• _Extracted records_
"""

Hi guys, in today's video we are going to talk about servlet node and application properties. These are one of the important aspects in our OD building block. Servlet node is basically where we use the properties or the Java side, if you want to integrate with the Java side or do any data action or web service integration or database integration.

"""
"""

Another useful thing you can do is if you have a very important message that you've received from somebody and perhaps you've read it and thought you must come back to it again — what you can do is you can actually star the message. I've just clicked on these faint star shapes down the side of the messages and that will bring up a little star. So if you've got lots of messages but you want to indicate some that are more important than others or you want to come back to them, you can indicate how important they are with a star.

"""
"""

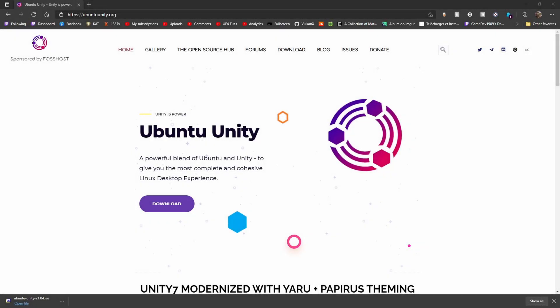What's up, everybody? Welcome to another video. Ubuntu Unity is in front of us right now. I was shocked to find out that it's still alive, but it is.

"""

Go through the material and copy every line in which the word "important" occurs.

• _Exercise response_
Hi guys, in today's video we are going to talk about servlet node and application properties. These are one of the important aspects in our OD building block. Servlet node is basically where we use the properties or the Java side, if you want to integrate with the Java side or do any data action or web service integration or database integration.
Another useful thing you can do is if you have a very important message that you've received from somebody and perhaps you've read it and thought you must come back to it again — what you can do is you can actually star the message. I've just clicked on these faint star shapes down the side of the messages and that will bring up a little star. So if you've got lots of messages but you want to indicate some that are more important than others or you want to come back to them, you can indicate how important they are with a star.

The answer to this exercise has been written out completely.